Exercise description:
In the copy, keep every line below as it is and leave out the pictures.

Input data:
==================================================

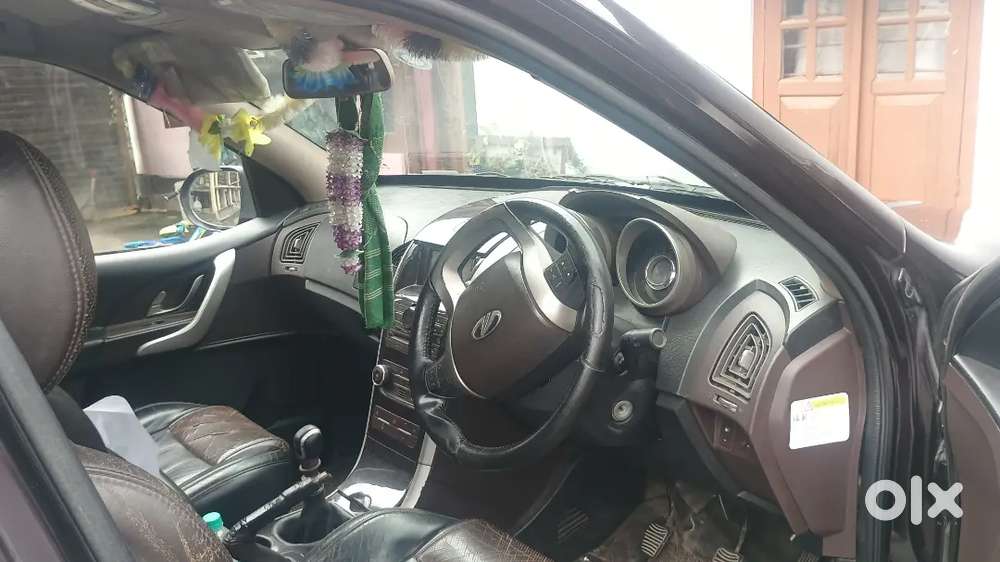 Mahindra XUV500 2012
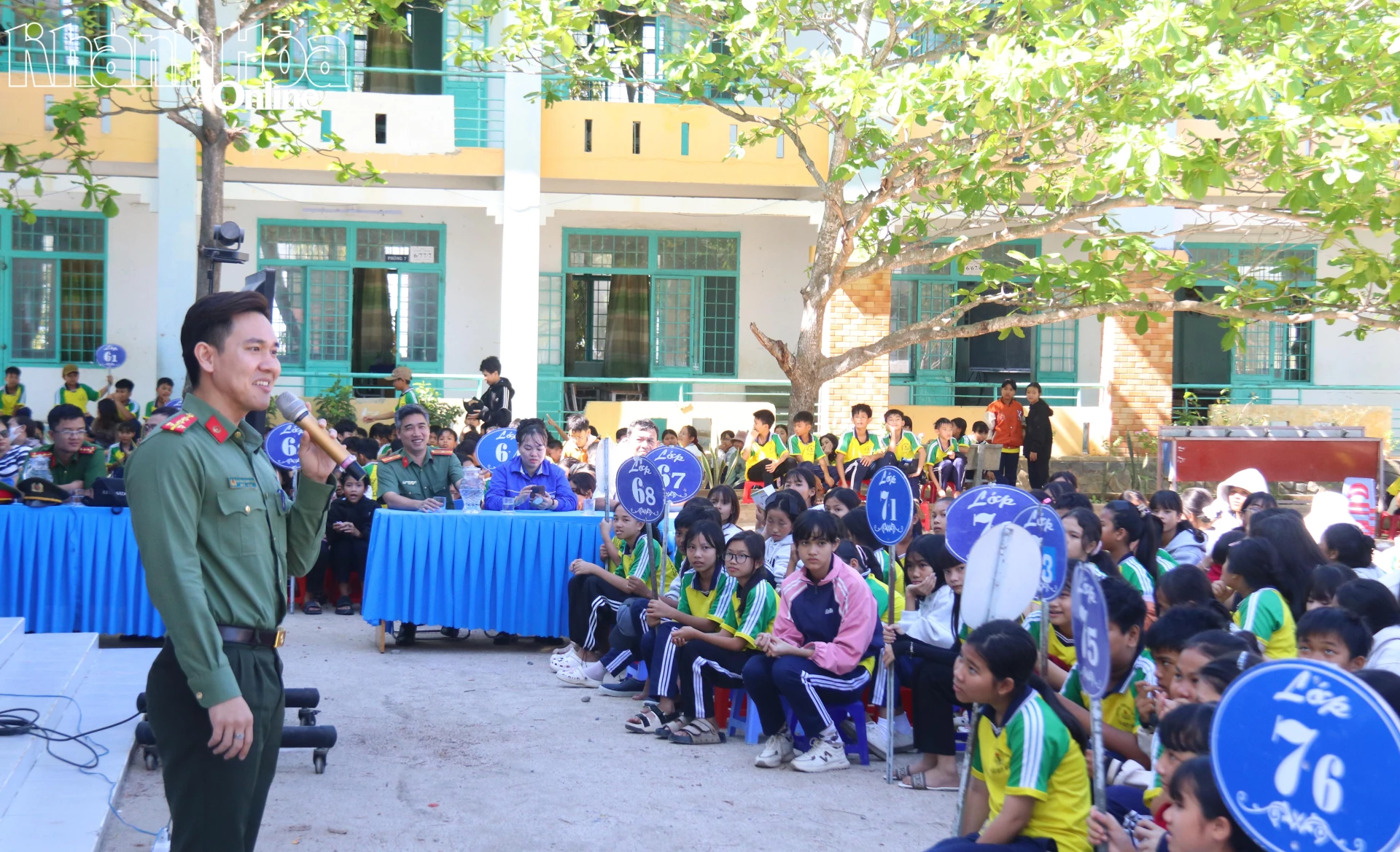 Ban Thanh niên Công an tỉnh tổ chức tổ chức hoạt động nâng cao năng lực ngoại ngữ và hội nhập quốc tế cho học sinh Trường THCS Lê Qúy Đôn.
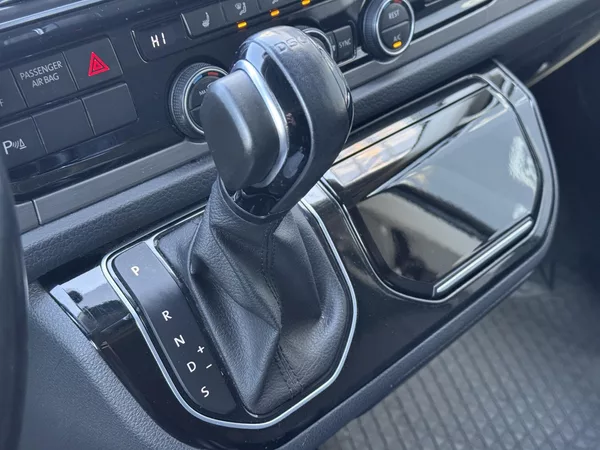 Volkswagen Multivan T6 Long 2.0TDi, Highline, DPH - foto 39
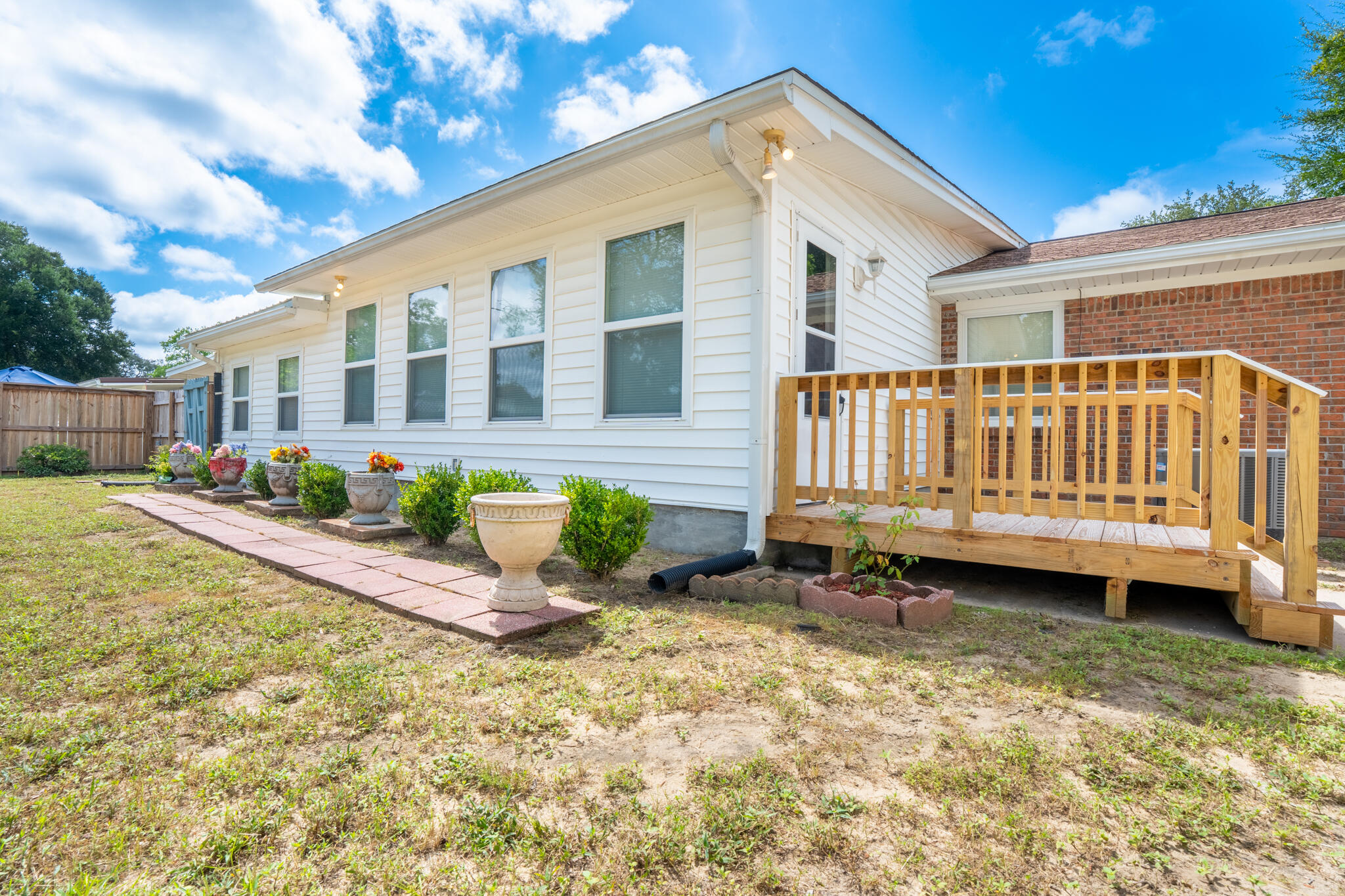 CAROL ANNE MANOR 1ST ADDN - Residential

==================================================

Exercise solution:
 Mahindra XUV500 2012
 Ban Thanh niên Công an tỉnh tổ chức tổ chức hoạt động nâng cao năng lực ngoại ngữ và hội nhập quốc tế cho học sinh Trường THCS Lê Qúy Đôn.
 Volkswagen Multivan T6 Long 2.0TDi, Highline, DPH - foto 39
 CAROL ANNE MANOR 1ST ADDN - Residential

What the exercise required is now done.